Data under study
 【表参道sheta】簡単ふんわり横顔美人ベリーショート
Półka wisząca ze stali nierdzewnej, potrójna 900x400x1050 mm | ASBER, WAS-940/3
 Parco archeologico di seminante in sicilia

...

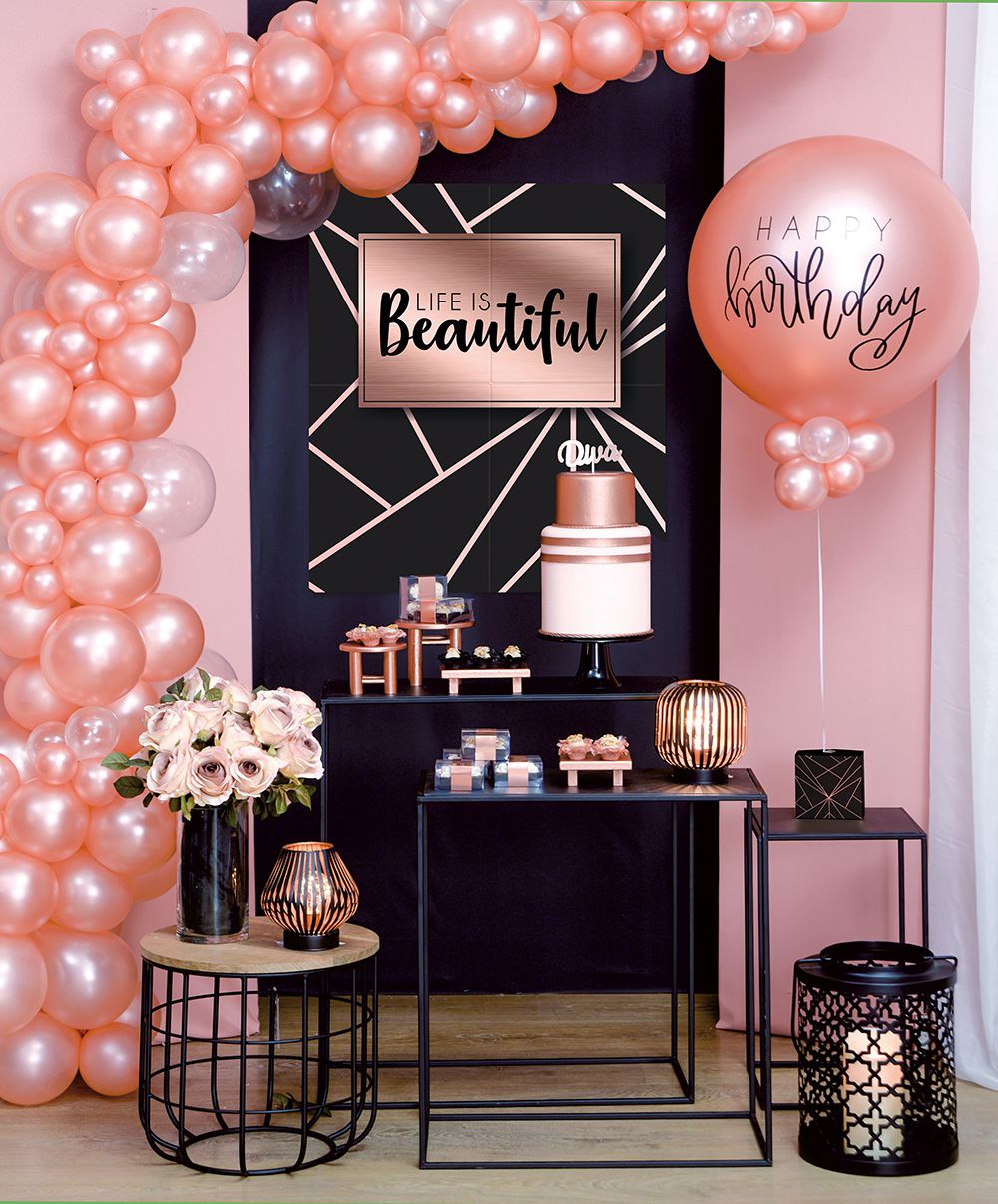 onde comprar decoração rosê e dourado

...

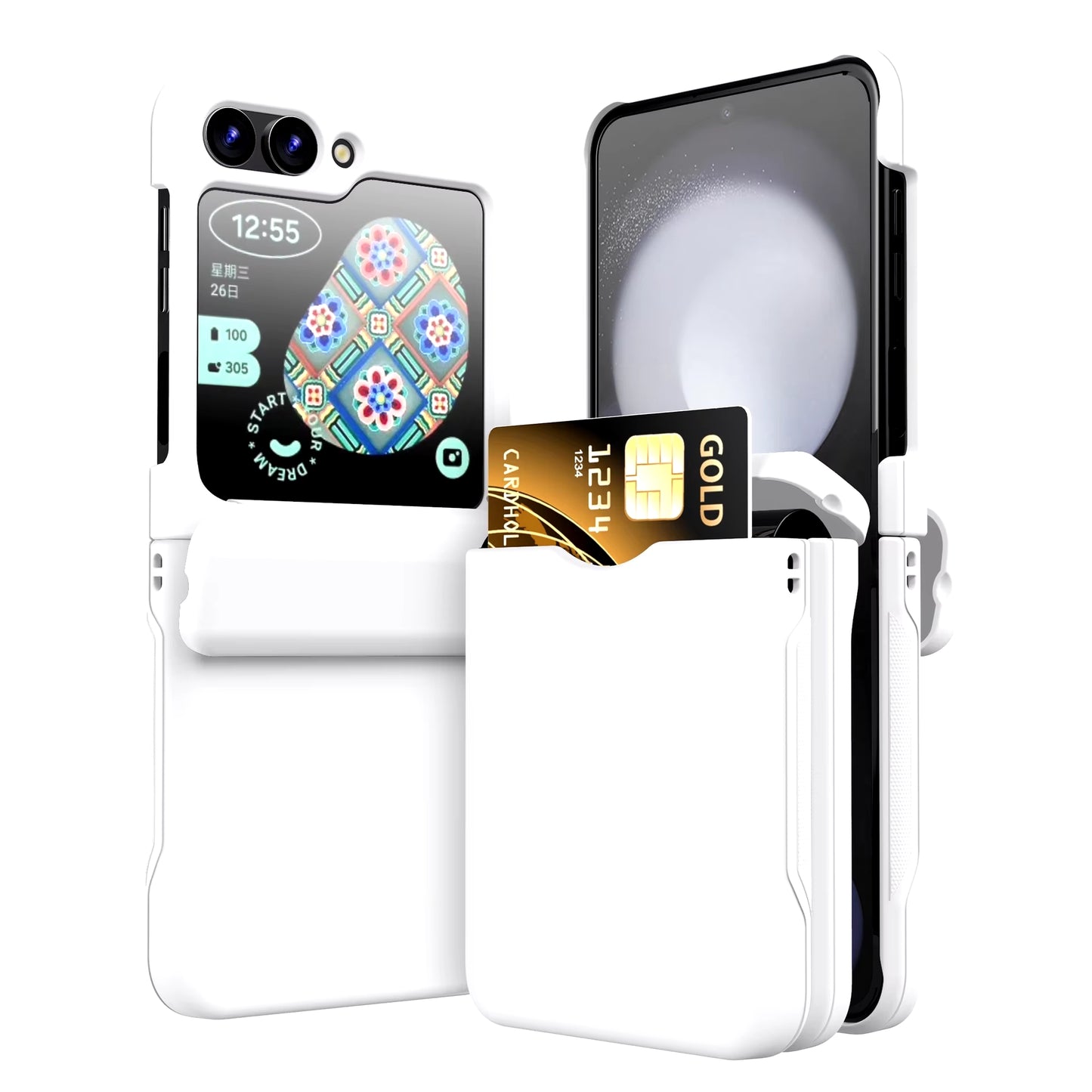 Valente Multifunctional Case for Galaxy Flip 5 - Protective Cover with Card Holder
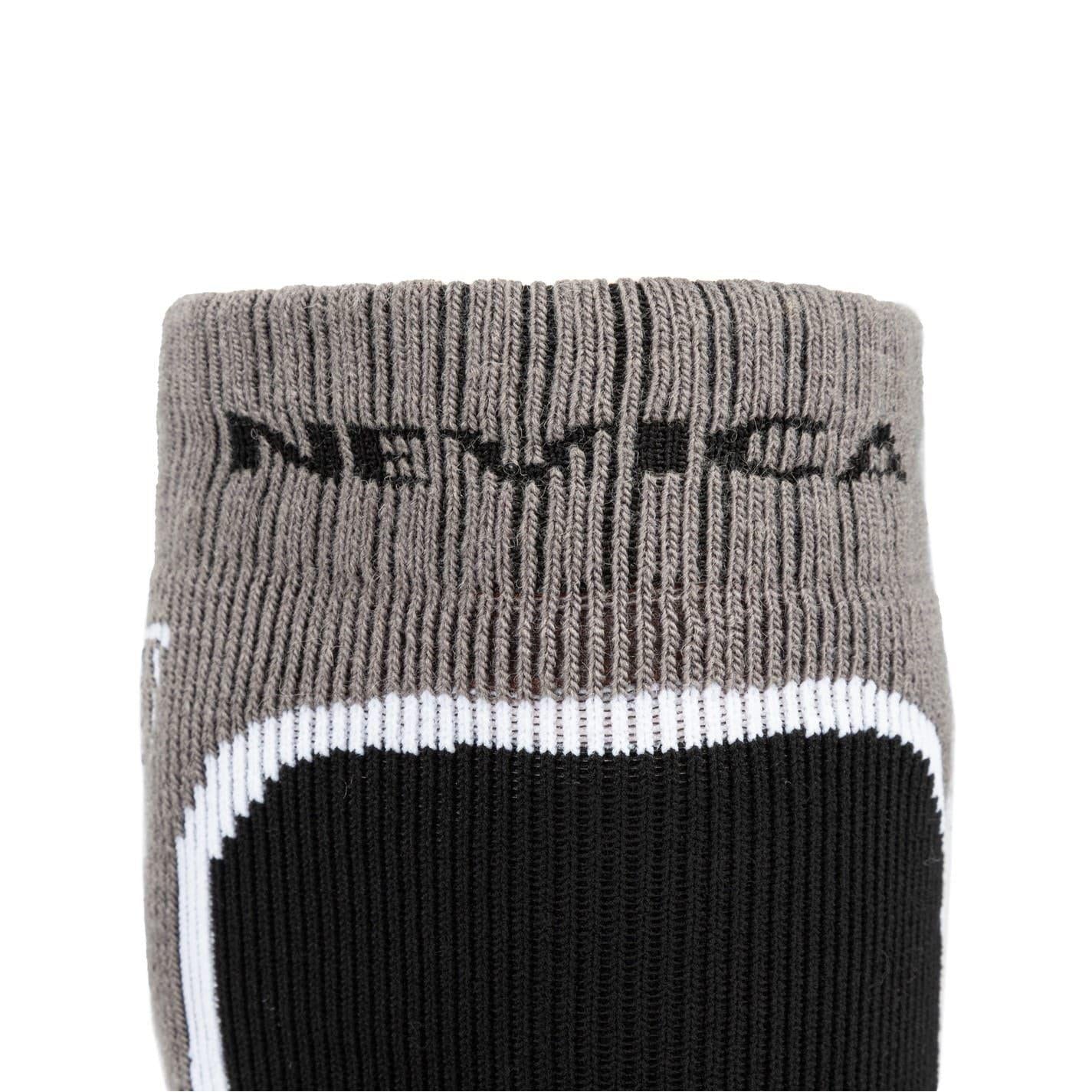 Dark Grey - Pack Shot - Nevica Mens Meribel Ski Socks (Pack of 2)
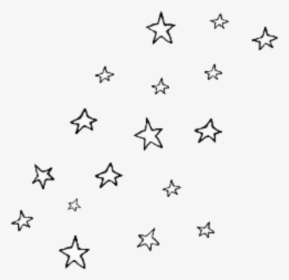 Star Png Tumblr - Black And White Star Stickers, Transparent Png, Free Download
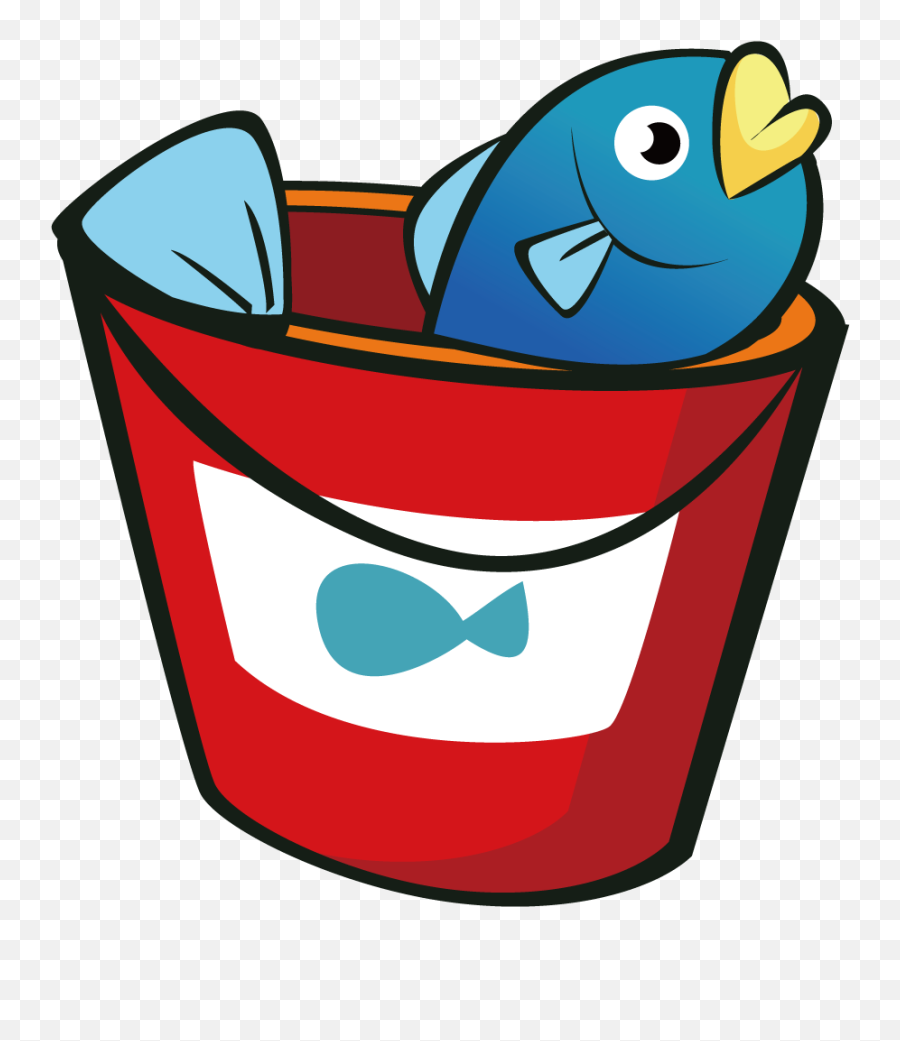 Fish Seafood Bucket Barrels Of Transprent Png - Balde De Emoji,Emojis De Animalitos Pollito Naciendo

Problem requirements
Though the entries above contain pictures, none should be copied; reproduce only the lines between the one holding "Star Png Tumblr" and the one holding "Fish Seafood Bucket", inclusive, exactly as written.

Expected answer
 Star Png Tumblr - Black And White Star Stickers, Transparent Png, Free Download
 Fish Seafood Bucket Barrels Of Transprent Png - Balde De Emoji,Emojis De Animalitos Pollito Naciendo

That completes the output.